→ **Exercise goal**
Extract, from the records beneath this instruction, each line that contains the word "usually".

→ **Extracted records**
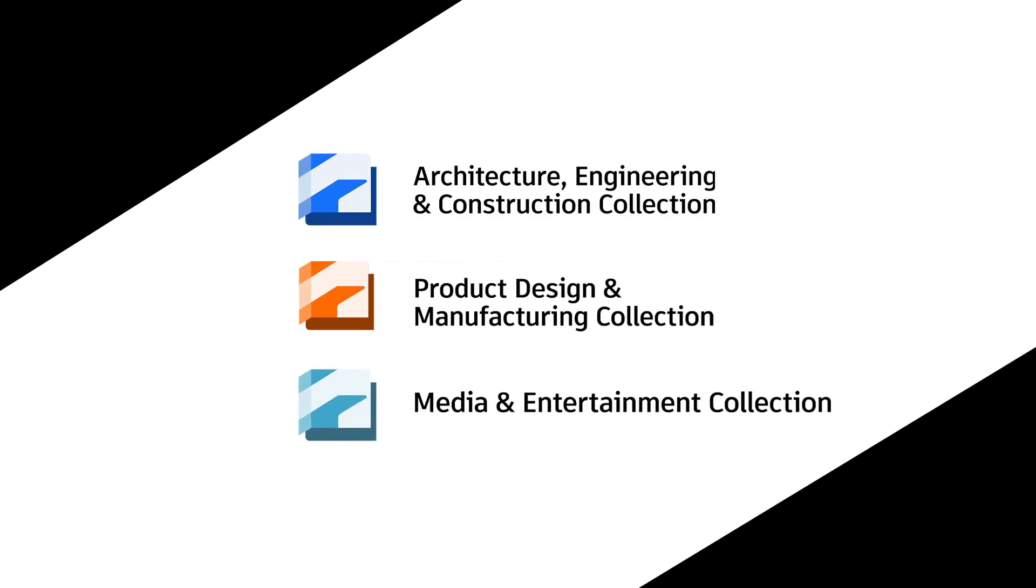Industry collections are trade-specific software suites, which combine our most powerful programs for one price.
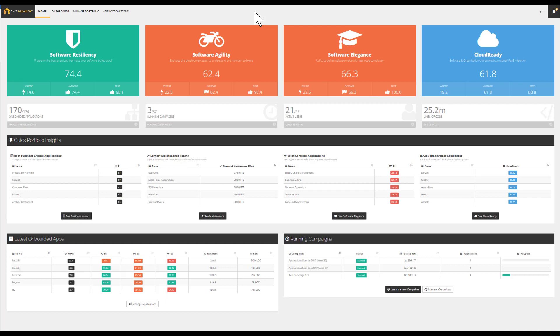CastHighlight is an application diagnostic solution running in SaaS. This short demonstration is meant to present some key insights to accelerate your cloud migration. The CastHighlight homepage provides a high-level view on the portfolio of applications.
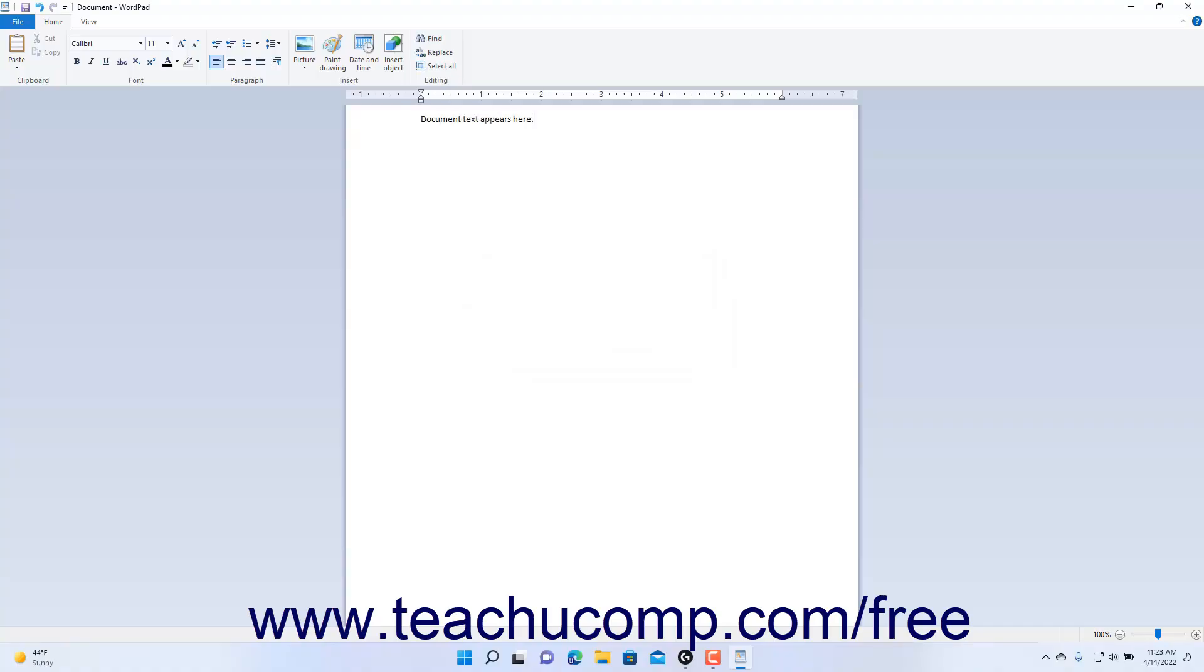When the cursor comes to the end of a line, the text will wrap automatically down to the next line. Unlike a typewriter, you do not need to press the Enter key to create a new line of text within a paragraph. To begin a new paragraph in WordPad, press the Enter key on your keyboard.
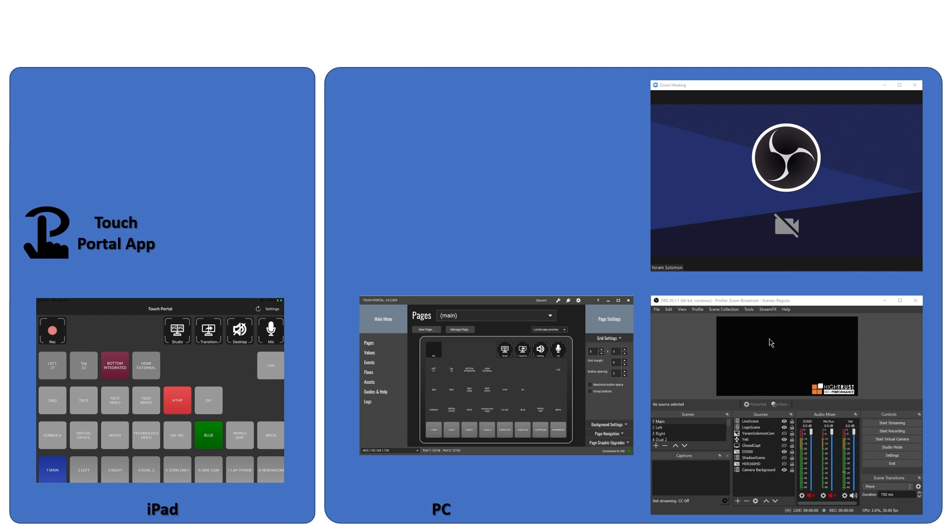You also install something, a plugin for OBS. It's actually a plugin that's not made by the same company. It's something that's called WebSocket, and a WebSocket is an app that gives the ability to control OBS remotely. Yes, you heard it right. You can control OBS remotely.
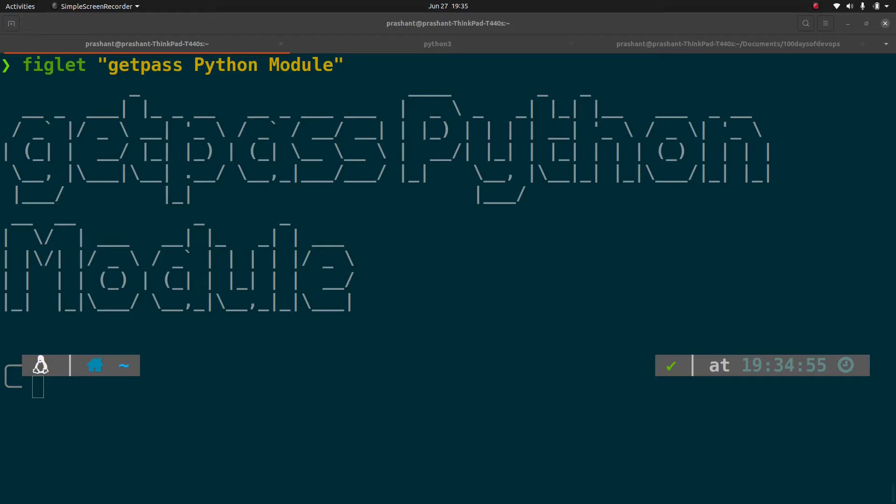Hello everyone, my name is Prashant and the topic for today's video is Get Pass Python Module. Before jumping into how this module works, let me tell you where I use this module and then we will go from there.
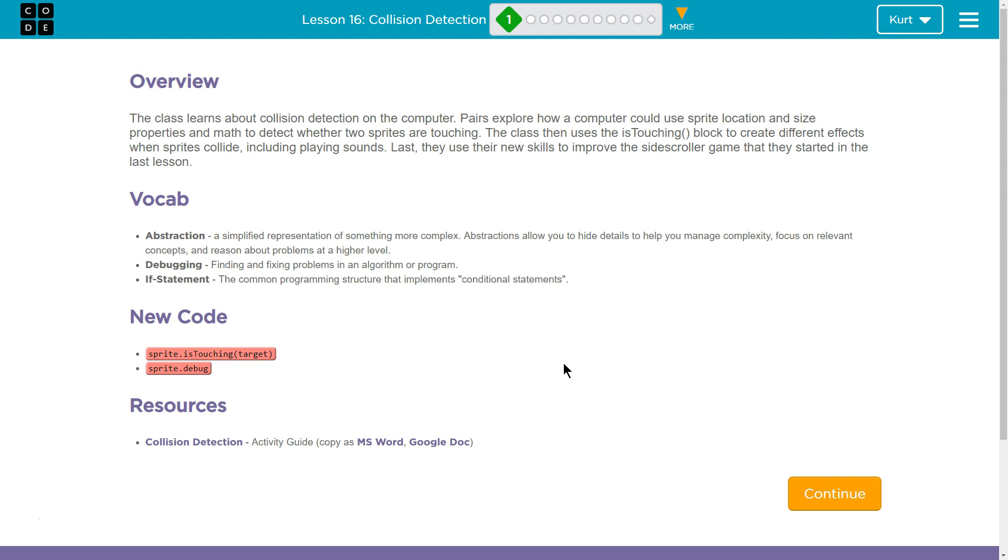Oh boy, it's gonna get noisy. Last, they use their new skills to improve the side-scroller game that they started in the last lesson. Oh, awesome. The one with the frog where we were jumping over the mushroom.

==

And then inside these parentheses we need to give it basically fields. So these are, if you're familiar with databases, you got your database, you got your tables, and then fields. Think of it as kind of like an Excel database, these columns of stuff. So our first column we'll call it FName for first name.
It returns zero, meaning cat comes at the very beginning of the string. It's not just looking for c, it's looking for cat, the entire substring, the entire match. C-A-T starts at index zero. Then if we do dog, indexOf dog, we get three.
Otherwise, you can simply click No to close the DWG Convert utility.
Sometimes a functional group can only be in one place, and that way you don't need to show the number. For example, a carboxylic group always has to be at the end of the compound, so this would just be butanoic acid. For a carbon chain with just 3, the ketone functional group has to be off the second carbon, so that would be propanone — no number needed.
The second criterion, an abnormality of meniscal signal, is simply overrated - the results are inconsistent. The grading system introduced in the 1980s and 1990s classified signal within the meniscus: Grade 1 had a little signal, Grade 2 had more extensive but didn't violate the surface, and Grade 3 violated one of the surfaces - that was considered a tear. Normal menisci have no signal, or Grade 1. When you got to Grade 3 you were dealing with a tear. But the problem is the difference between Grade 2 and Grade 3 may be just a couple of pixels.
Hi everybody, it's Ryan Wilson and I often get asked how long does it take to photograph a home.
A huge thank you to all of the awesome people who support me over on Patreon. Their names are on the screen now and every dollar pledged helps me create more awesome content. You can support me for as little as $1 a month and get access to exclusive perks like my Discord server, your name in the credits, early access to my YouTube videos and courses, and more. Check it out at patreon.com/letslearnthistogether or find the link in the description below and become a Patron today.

--

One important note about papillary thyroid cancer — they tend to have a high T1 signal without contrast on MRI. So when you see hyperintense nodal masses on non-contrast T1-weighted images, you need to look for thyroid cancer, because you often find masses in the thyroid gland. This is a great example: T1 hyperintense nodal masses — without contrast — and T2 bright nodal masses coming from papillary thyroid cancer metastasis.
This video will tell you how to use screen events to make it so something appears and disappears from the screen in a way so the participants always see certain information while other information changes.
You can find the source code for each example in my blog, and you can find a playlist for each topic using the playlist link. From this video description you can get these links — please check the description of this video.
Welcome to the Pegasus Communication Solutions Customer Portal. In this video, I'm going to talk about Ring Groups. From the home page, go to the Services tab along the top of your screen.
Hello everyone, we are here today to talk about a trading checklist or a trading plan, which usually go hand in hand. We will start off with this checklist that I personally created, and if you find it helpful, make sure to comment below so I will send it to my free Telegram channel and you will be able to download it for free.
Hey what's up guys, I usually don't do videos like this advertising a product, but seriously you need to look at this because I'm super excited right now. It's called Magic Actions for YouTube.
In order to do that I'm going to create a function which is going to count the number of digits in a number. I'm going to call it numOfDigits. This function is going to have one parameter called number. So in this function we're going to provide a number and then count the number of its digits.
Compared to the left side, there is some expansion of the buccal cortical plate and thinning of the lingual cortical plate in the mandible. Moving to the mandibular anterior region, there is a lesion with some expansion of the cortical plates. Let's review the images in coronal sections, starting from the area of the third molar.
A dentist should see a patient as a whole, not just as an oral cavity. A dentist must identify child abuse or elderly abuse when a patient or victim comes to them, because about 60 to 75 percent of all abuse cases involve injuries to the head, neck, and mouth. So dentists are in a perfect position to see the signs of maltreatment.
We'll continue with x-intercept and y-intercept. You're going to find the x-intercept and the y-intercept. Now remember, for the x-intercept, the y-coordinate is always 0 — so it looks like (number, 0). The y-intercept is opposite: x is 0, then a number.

→ **Solution below**
Hello everyone, we are here today to talk about a trading checklist or a trading plan, which usually go hand in hand. We will start off with this checklist that I personally created, and if you find it helpful, make sure to comment below so I will send it to my free Telegram channel and you will be able to download it for free.
Hey what's up guys, I usually don't do videos like this advertising a product, but seriously you need to look at this because I'm super excited right now. It's called Magic Actions for YouTube.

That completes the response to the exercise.